Usuba bōchō (薄刃包丁, lit. thin knife) is the traditional vegetable knife for the professional Japanese chef. Like other Japanese professional knives, usuba are chisel ground, and have a bevel on the front side, and have a hollow ground urasuki on the back side. Usuba characteristically have a flat edge, with little or no curve, and are tall, to allow knuckle clearance when chopping on a cutting board. Usuba literally means "thin blade" indicating its relative thinness compared to other knives, required for cutting through firm vegetables without cracking them.  Due to its height and straight edge, usuba are also used for specialized cuts such as katsuramuki, shaving a vegetable cylinder into a thin sheet.
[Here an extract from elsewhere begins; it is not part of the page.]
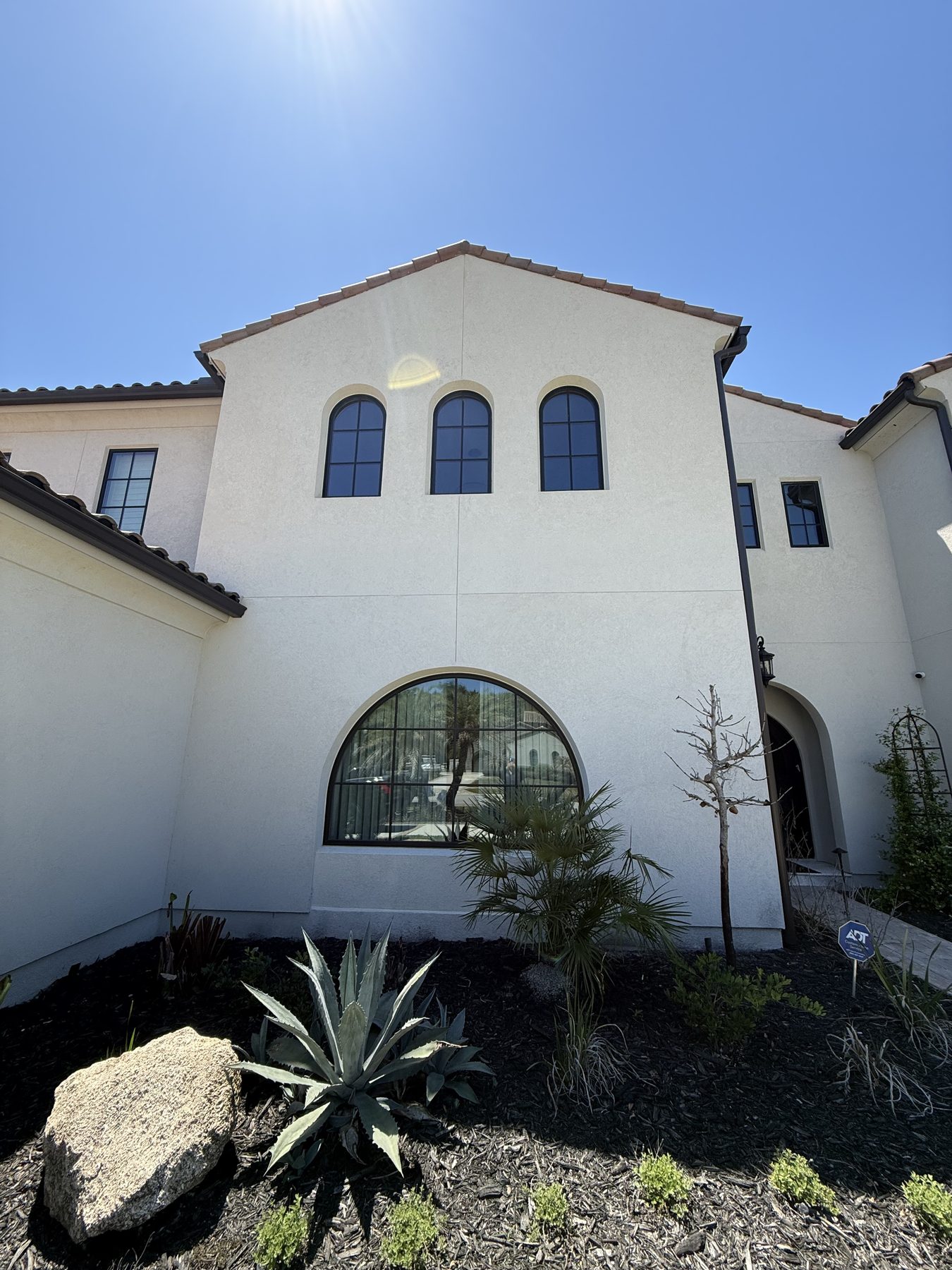 Two-story foyer window and Mediterranean facade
The Usuba bōchō is used by professionals and differs from the related  Nakiri bōchō, which is preferred for home use. While the nakiri bōchō's cutting blade is sharpened from both sides, the usuba bōchō's blade is sharpened only from one side, a style known as kataba in Japanese. This kataba style edge gives better cuts and allows for the cutting of thinner slices than the ryōba used for nakiri bōchō, but requires more skill to use. The highest quality kataba blades have a slight depression on the flat side. The sharpened side is usually the right side for a right hand use of the knife, but knives sharpened on the left side are available for left hand use. The usuba bōchō is heavier than a nakiri bōchō, although still much lighter than a deba bōchō.

There are several variations of the usuba bōchō.  The Kanto variation has a square blunt tip, making it appear like a small meat cleaver. The Kansai, kamagata style variation has a spine that drops down to the edge at the tip, allowing the usuba to do fine delicate work. However, this tip is also delicate and can be broken easily. The usuba is particularly popular with Kyoto chefs, who use the Kamagata usuba for most of their work.  Since Kyoto is landlocked, they rely more heavily on vegetables than Tokyo, making the usuba the quintessential knife of professional chefs there. In Kyoto cuisine, the versatile tip allows for intricate cuts and preparations.